= The Murder =

Cinematic score by Bernard Herrmann

"The Murder" is a cue in the cinematic score written and composed by Bernard Herrmann for the horror-thriller film Psycho (1960) directed by Alfred Hitchcock. The score, its second movement in particular, is well recognized as one of the most famous scores in film history. It was composed for an orchestral string section.

== Psychos shower scene==
The cue was composed for the famous shower scene, the murder of Janet Leigh's character, Marion Crane. Hitchcock originally wanted the sequence (and all motel scenes) to play without music, but Herrmann insisted he try it with the cue he had composed.

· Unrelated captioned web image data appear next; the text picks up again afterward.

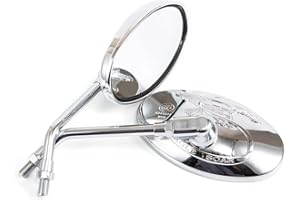 APEBAZY Rétroviseur Universel Ovale Chromé 10MM Rétroviseur moto pour xt 600 virago 125 535 1100 vmax 1200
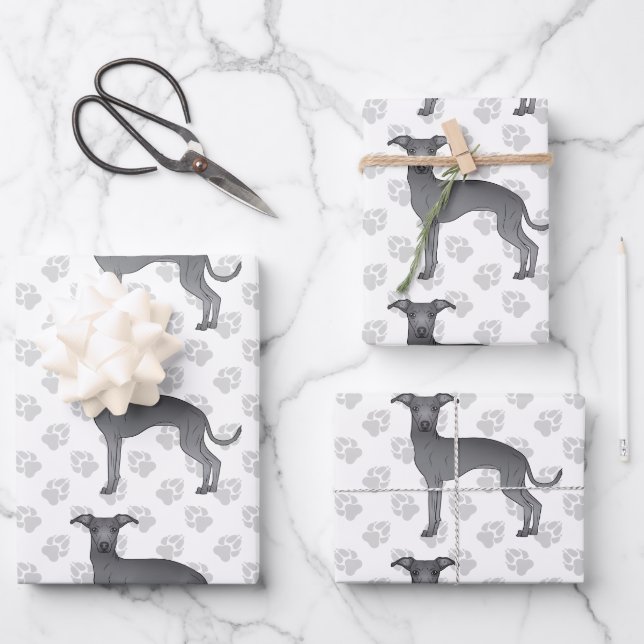 Blue Italian Greyhound Cartoon Dogs With Paws Wrapping Paper Sheet (Front)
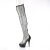 Pleaser DELIGHT-3009 Botas altas hasta la rodilla Piel Sintética pedrería malla Negro EU-37/US-7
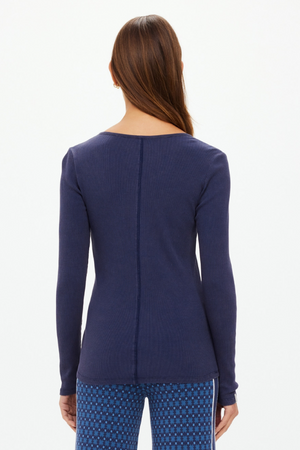 Ness Ribbed Long Sleeve Top - Washed Denim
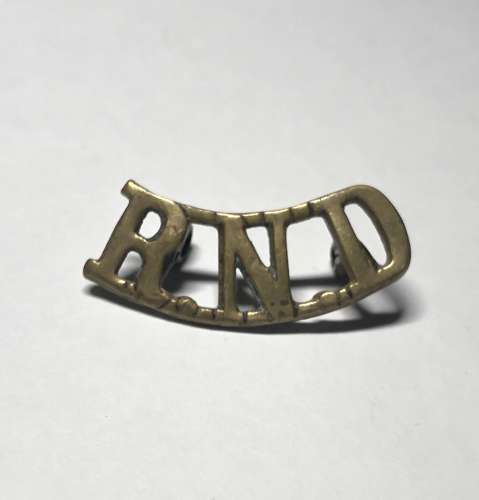 RND Royal Naval Division WW1 curved shoulder title
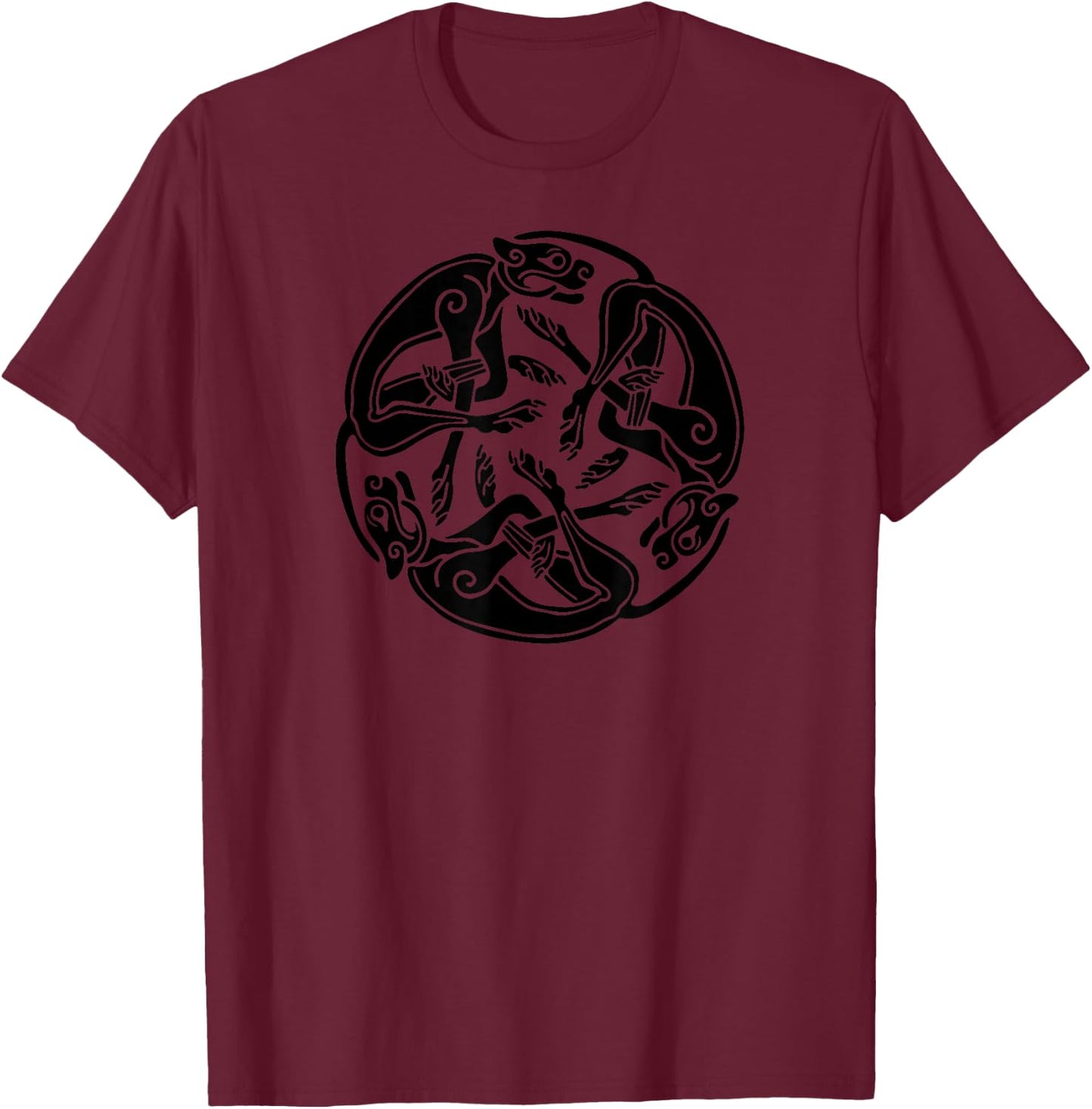 Celtic Book of Kells Trinity Hounds T-Shirt - T-Shirt | Maroon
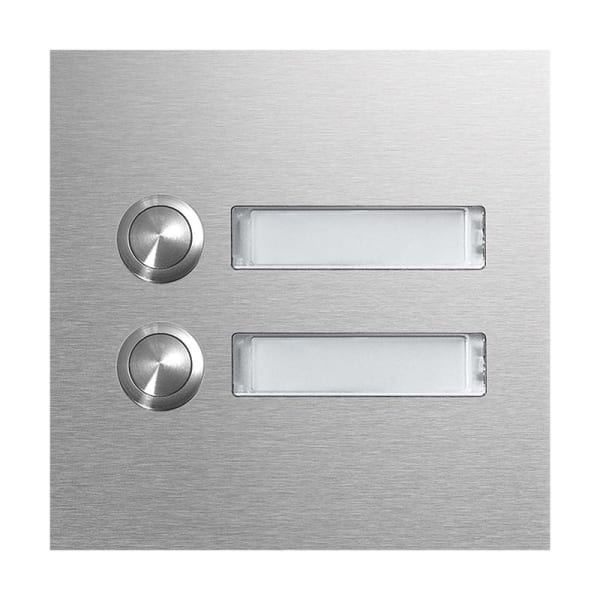 ELCOM - CZM-120 Rund-Taster Modul mit LED-Namensschild 2/1 EB Edelstahl matt MODESTA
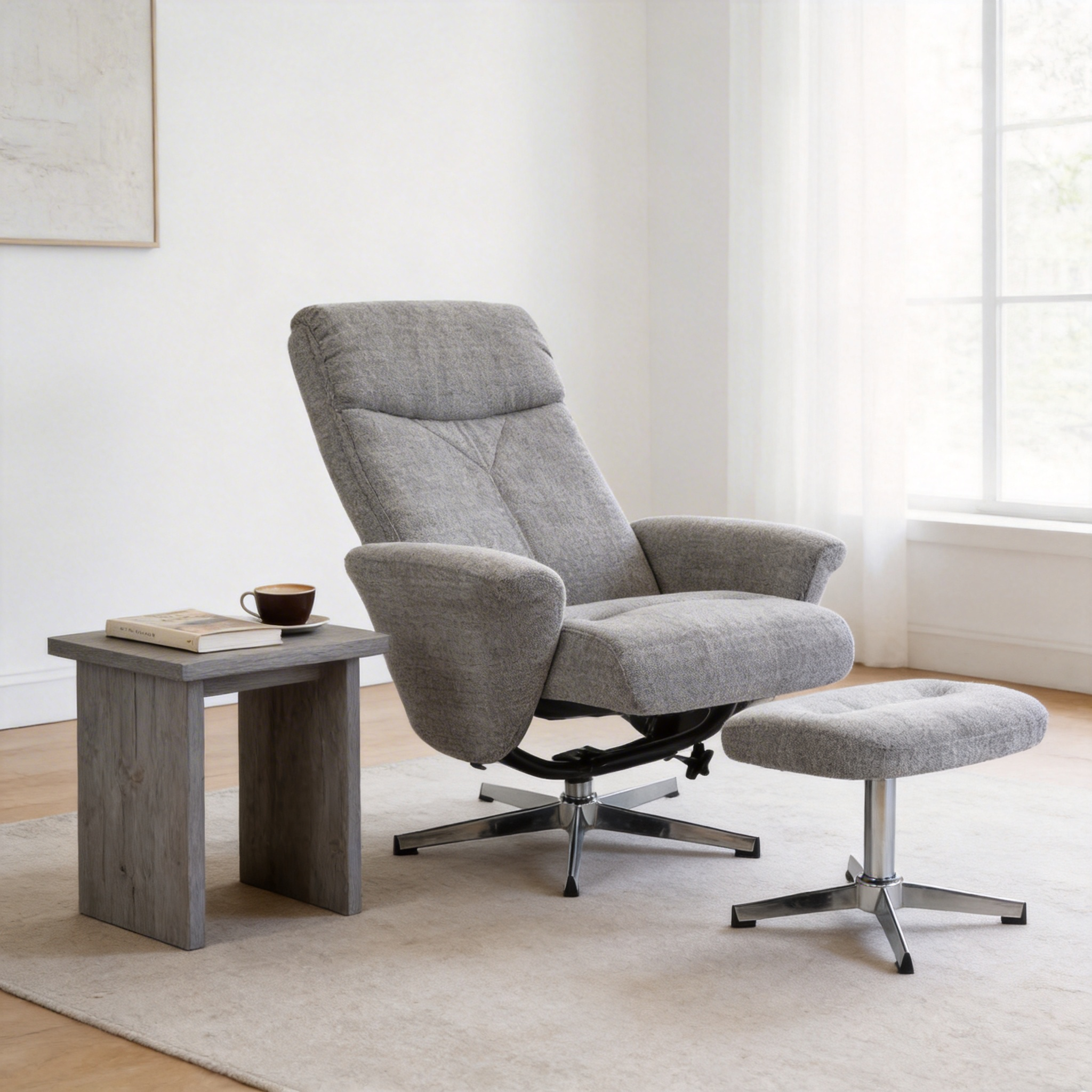Chenille Swivel Recliner with Ottoman, picture 3 of 4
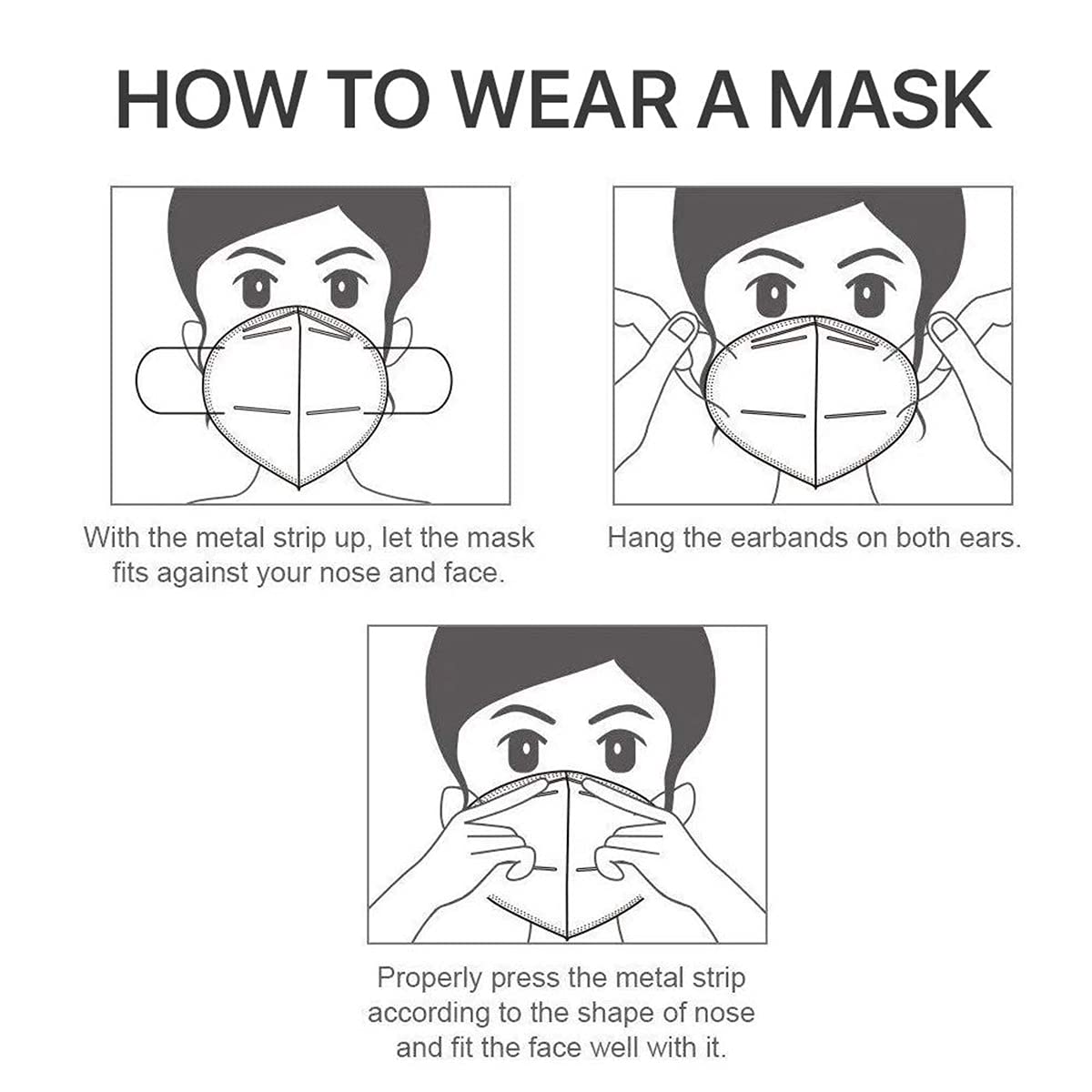 LEMENT 50pcs KN95 Face Mask Black 5 Layer Cup Dust Safety Masks Filter Efficiency≥95% Breathable Elastic Ear Loops Black Masks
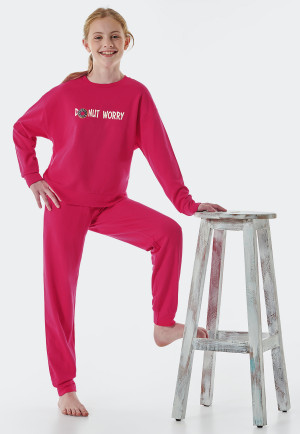 Pyjama lang Sweatware Organic Cotton manchetten donut roze - Teens Nightwear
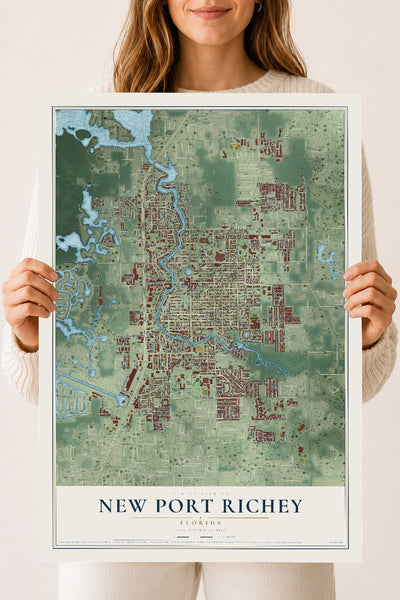 New Port Richey, Florida map print, 18" x 24" Archival Matte Print mockup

Afterward, Hitchcock agreed that it vastly intensified the scene, and he nearly doubled Herrmann's salary.

==Movements==
The score is divided into three main movements:

- 1st Movement
The first movement of the score is made up of multiple runs, trills, and short, staccato stabs played agitato. While there is no direct melody, the fast-paced runs constantly shift between the keys of F, F♯, C♯, and D, with a few sections played in G. A notable feature that Herrmann implemented is the use of alternating eighth-note semitones to create a sense of approaching and imminent danger. John Williams made this technique famous 15 years later in his score for Steven Spielberg's Jaws (1975). The movement ends with a high Bbm9 chord that crescendoes to an abrupt fermata cutoff.

- 2nd Movement
The second movement is the most recognizable piece of the score: directly after the first movement's fermata, a lone first violin launches directly into a series of discordant, screechy glissandos before being joined by the rest of the string section. This pattern is repeated twice, albeit the second set of glissandos is notated somewhat differently. The movements ends with another fermata.

- 3rd Movement
The cello and contrabass start the third movement with long, low, drawn out dotted half-notes that are answered with minute, staccato stabs from the rest of the string section. The half-notes alternate between E and F 3 three times before going down to C.